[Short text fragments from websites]
BEGIN

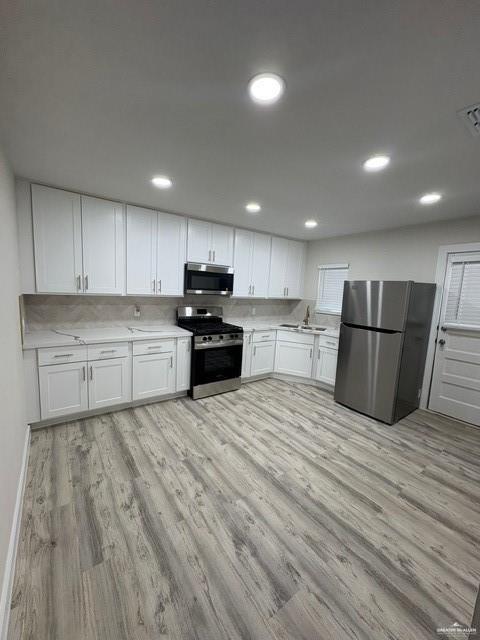 Foto del edificio - 15 Daytona Ave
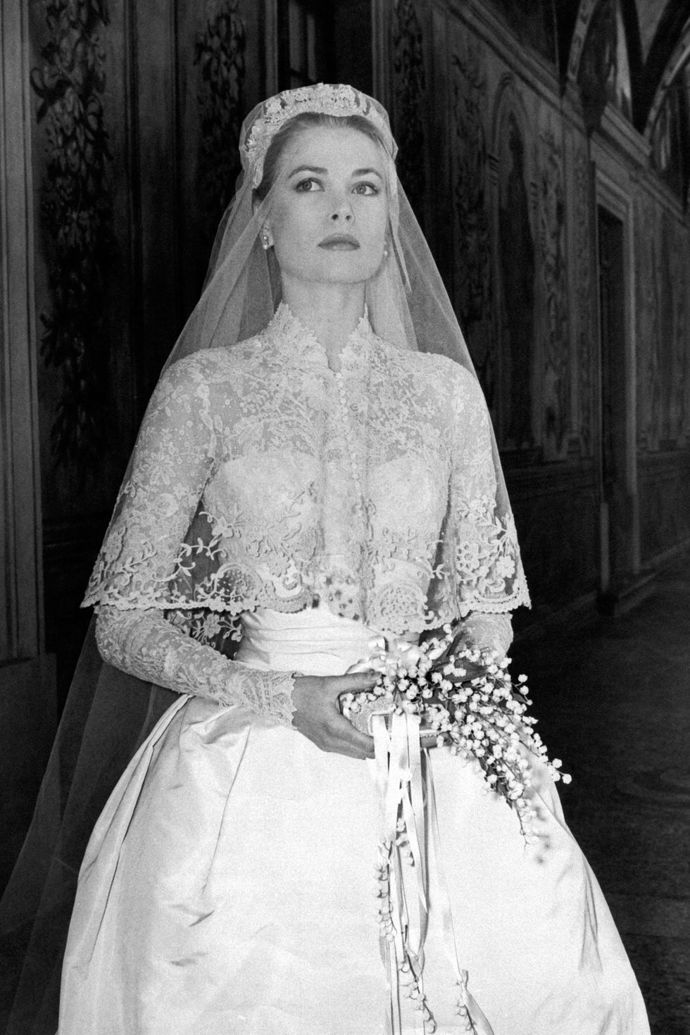 Helen Rose se s vervou zhostila svého úkolu a vytvořila šaty, které se hodí k opravdové princezně. Dlouhá bílá svatební róba Grace Kelly se tak mohla pyšnit živůtkem posetým perlami a pravou bruselskou krajkou.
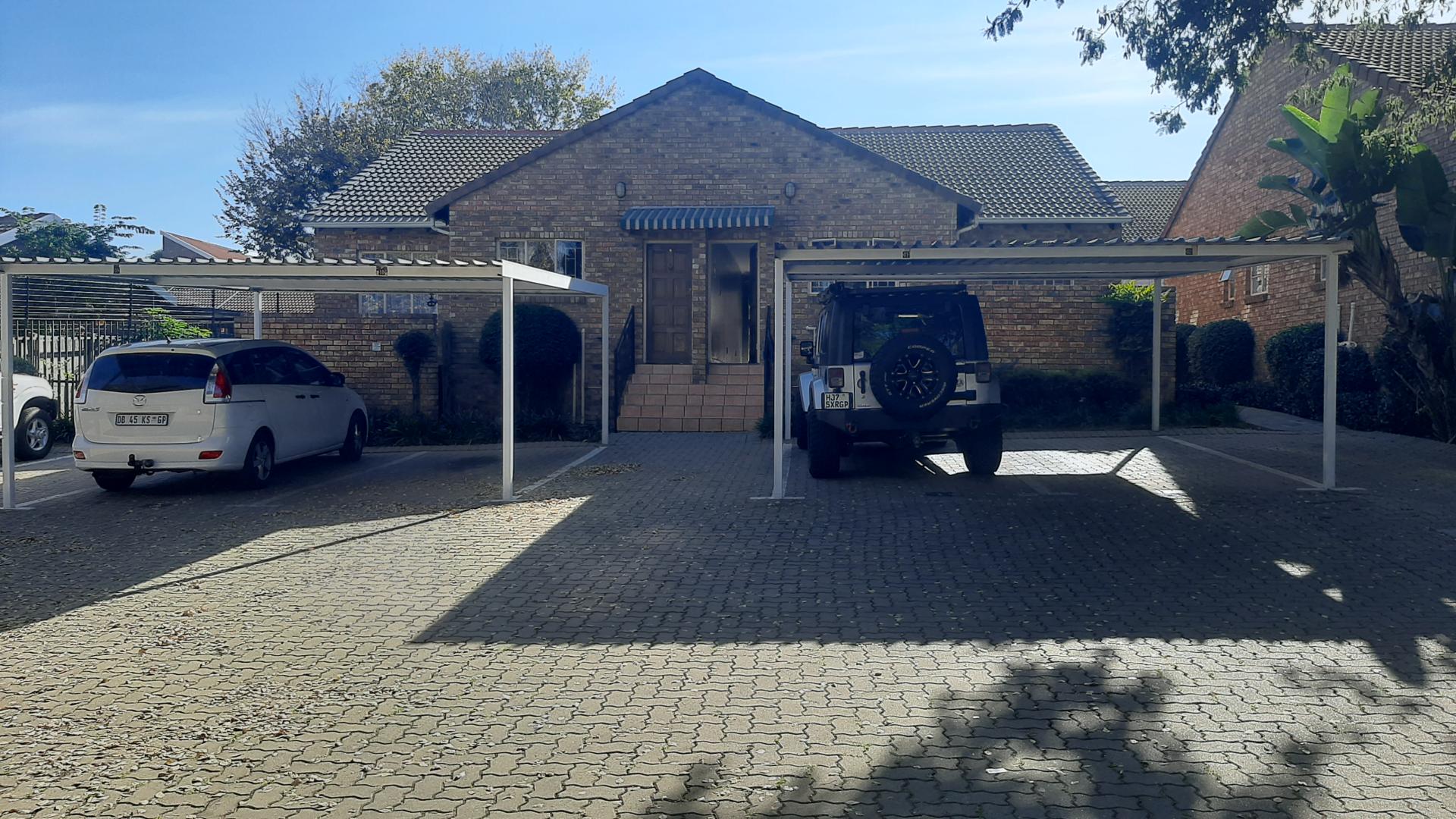 Allen's Nek Property Property and houses to rent in Allen's Nek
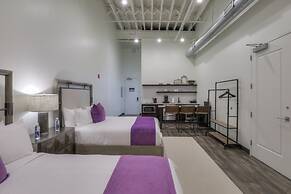 Studio 154 Luxury Hotel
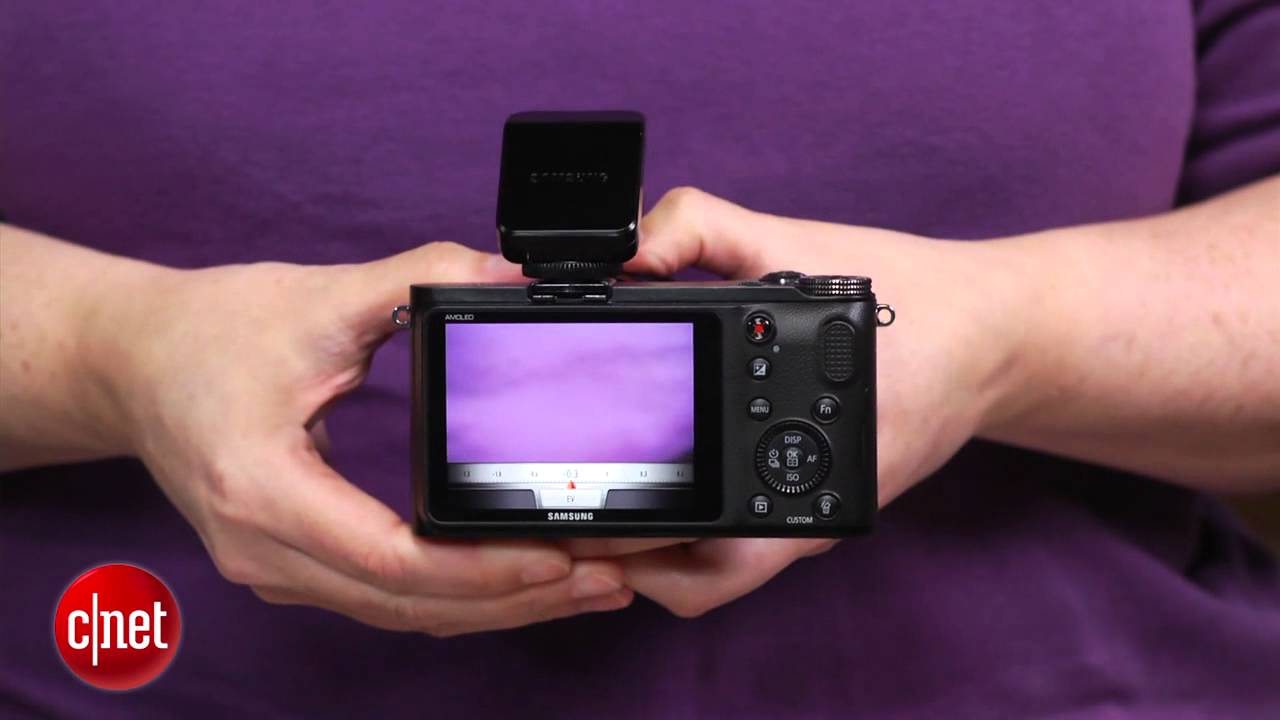 Samsung NX210 hands-on - First Look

END

EXERCISE BRIEF: Lines from the one holding "Helen Rose se" to the end of the data, both ends included, are to be given again exactly; no pictures belong in the copy.

OUTPUT BELOW:
 Helen Rose se s vervou zhostila svého úkolu a vytvořila šaty, které se hodí k opravdové princezně. Dlouhá bílá svatební róba Grace Kelly se tak mohla pyšnit živůtkem posetým perlami a pravou bruselskou krajkou.
 Allen's Nek Property Property and houses to rent in Allen's Nek
 Studio 154 Luxury Hotel
 Samsung NX210 hands-on - First Look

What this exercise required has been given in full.